Légers spoilers
Le Commandant Marco est un ancien soldat de la guerre du golfe qui fait chaque nuit le même cauchemar. Et l’embuscade dans laquelle était tombée son escouade ne s’était pas du tout passée comme dans ses souvenirs ? L’ex-sergent Shaw, candidat à la vice-présidence des USA, est-il véritablement le héros de guerre que Marco a lui-même recommandé pour la Médaille du Congrès ?
Si The Manchurian Candidate (2004) est le remake du film du même nom de 1962, je trouve qu'il est également, et surtout, un remake spirituel de L'Echelle de Jacob (1990). Le fond (paranoïa et glissement de la réalité d'une escouade d'anciens soldats sur qui des expériences ont été faites pendant la guerre par leur propre camp... avec en prime l’ambivalence d’une femme proche du héros) et la forme (réalisation, lumière, montage et interprétation) se ressemblent énormément, le film de 1990 est même référencé de manière évidente lors d'un dialogue :
What if all this is your dream and you are really still back in Kuwait? — Delp (à Marco)

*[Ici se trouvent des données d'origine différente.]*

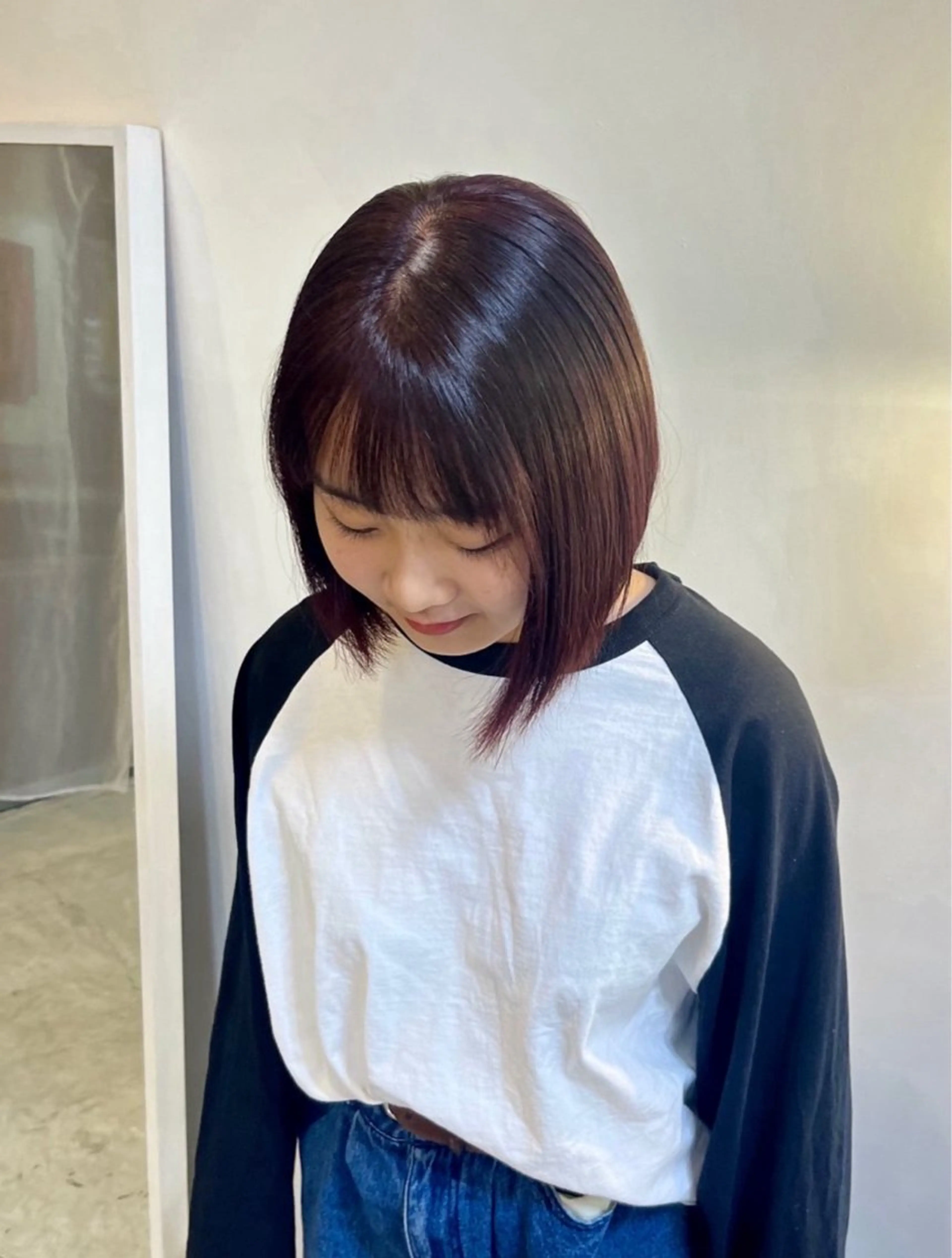 カラー YARD.所属・渡邊 こころのヘアスタイル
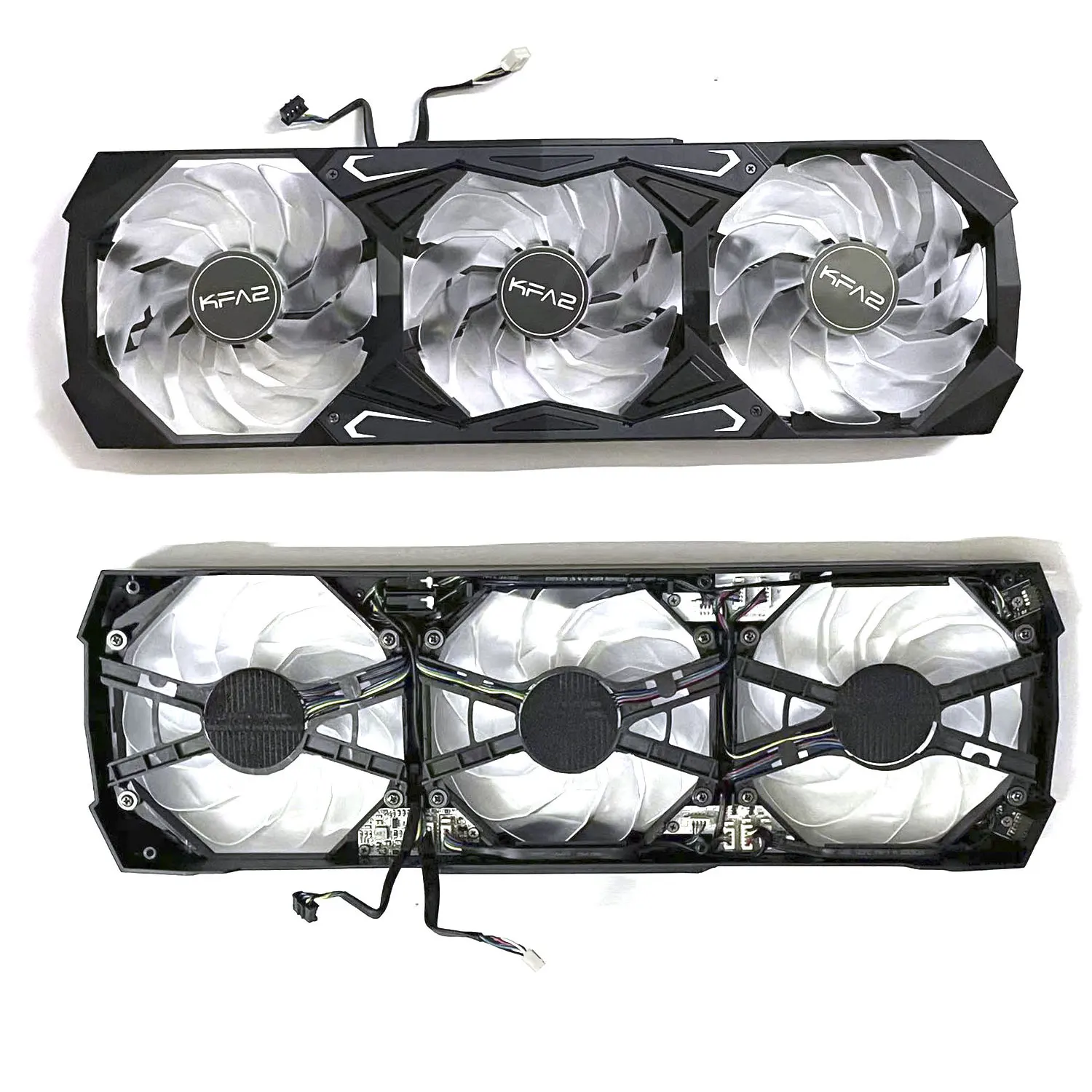 Ventilador Gpu Adequado para Galaxy Substituição de Placa Gráfica Xingyao Novo Original 4pin 89 mm Rtx3080 3080ti 3090 - Imagem 3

Après, les deux films partent dans des directions complètement différentes, et malheureusement celle empruntée par The Manchurian Candidate est nettement plus convenue. Pire, le coeur du film repose sur une ficelle grossière (presque nanardesque par moments), la manipulation mentale à coup de puces dans le cerveau, ou dans l'épaule, c'est pas clair. A minima c'est très maladroitement amené. Du coup j'ai eu bien du mal à rentrer dedans, d’autant plus que certains personnages sont mal développés (Delp, le pote électronicien de Marco), il y a quelques zones de flou dans le scénario (notamment au niveau des puces), certains dialogues sont également pas follement écrits, même si cela se justifie parfois à posteriori
Quand on découvre qu’Eugenie est un agent du FBI, cela explique la scène de rencontre franchement bizarre dans le train, par exemple.
Heureusement la réalisation de Jonathan Demme (Le Silence des Agneaux, 1991) m'a énormément plu. Il y a beaucoup de plans et de mouvements de caméras intéressants, en particulier l’utilisation de champs/contrechamps face caméra lors des dialogues, parfaite pour mettre mal à l’aise le spectateur, pris à parti par le regard des acteurs, incertain si le 4eme mur est entrain d’être brisé, renforçant le sentiment de glissement de la réalité. Les ellipses erratiques nous déboussolent d’autant plus, rendant confus l’écoulement du temps. Le film possède une patte, une ambiance angoissante, irréelle et prenante, comme L’Echelle de Jacob ou par moments Le Silence des Agneaux.
Bien sûr, cela ne serait pas possible sans de solides performances, en particulier celles de Liev Schreiber en fils esseulé, triste et perdu derrière sa façade de héros militaire et de Meryl Streep en mère étouffante, malsaine, manipulatrice et quasi-incestueuse. On pourrait presque les imaginer tenir le Bates Motel.
Bref, pour peu qu’on arrive à s’accommoder de l’écriture, parfois sacrément bancale, The Manchurian Candidate est une bonne surprise avec son ambiance particulièrement réussie. On préférera malgré tout les classiques que sont L’Echelle de Jacob et Le Silence des Agneaux, nettement supérieurs.